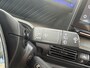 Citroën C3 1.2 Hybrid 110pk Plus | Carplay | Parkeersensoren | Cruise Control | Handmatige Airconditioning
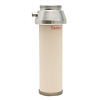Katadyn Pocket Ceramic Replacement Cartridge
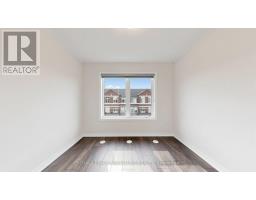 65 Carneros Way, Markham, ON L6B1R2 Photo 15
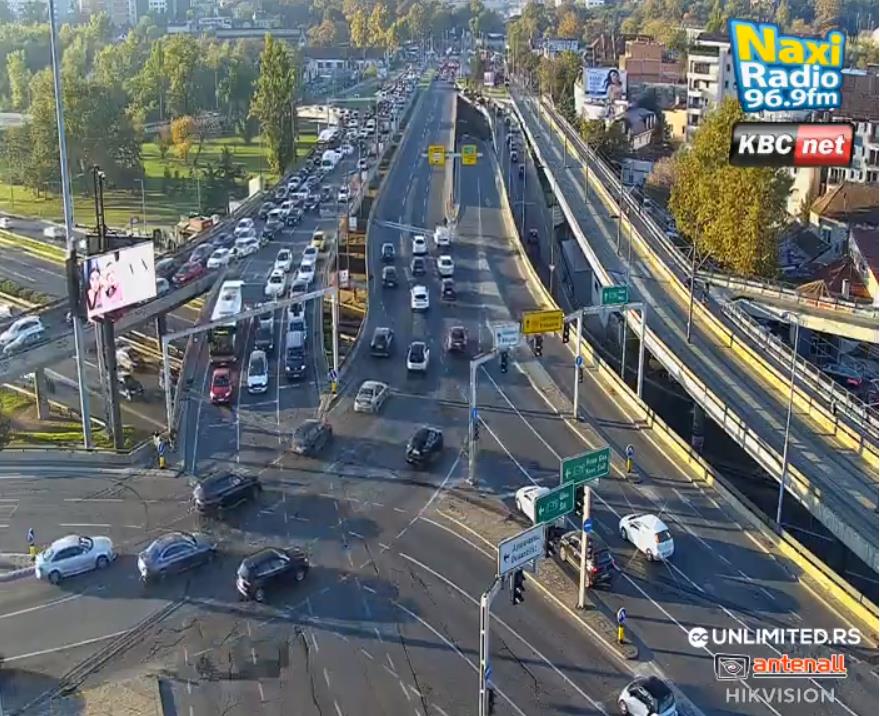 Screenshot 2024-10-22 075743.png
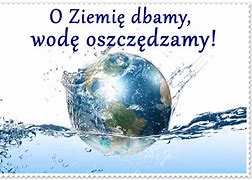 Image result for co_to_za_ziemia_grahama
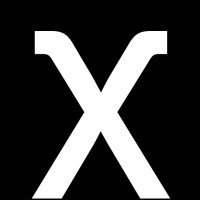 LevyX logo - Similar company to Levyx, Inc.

........

_Exercise prompt_: After removing each picture, print the entries above exactly as they were.

_Task answer_:
 Citroën C3 1.2 Hybrid 110pk Plus | Carplay | Parkeersensoren | Cruise Control | Handmatige Airconditioning
Katadyn Pocket Ceramic Replacement Cartridge
 65 Carneros Way, Markham, ON L6B1R2 Photo 15
 Screenshot 2024-10-22 075743.png
 Image result for co_to_za_ziemia_grahama
 LevyX logo - Similar company to Levyx, Inc.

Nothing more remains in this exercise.